Popsign Version 1.0

License

Popsign v1.0 is licensed under CC BY 4.0. For more information, please view the full license.

Papers

PopSign ASL v1.0

95% of deaf children are born to hearing parents. Since many hearing parents do not know sign, these deaf children are at risk for language acquisition delays resulting in cognitive issues. We are making an educational smartphone game PopSign that helps hearing parents practice their signing vocabulary.

Our dataset is the largest collection of isolated sign videos collected using mobile phones. We are using the data to train recognition models for use in smartphone applications, including the PopSign game. PopSign and related educational technology teach hearing parents and deaf children to sign, reducing developmental problems.

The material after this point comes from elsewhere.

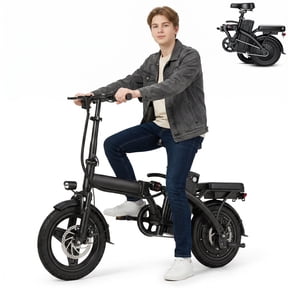 14''Foldable Adult Electric Bike, 48V 10ah 500W Motor, 3-Speed Gearing, Dual Spring Shock Absorbers, Front And Rear Led Safety Lights, Portable Design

https://signdata.cc.gatech.edu

Data Card Author(s)

  • Thad Starner, Georgia Tech: Owner
  • Rohit Sridhar, Georgia Tech: Contributor
  • Matthew So, Georgia Tech: Contributor
  • Gururaj Deshpande, Georgia Tech: Contributor

Authorship

Publishers

Publishing Organization(s)

  • Georgia Institute of Technology
  • Deaf Professional Arts Network

Industry Type(s)

  • Academic - Tech
  • Not-for-profit - Tech

Contact Detail(s)

Funding Sources

Institution(s)

  • Deaf Professional Arts Network

Funding or Grant Summary(ies)

DPAN (Deaf Professional Arts Network) is a non-profit. Funding for this project came through non-restrictive gifts to DPAN from both public and private entities.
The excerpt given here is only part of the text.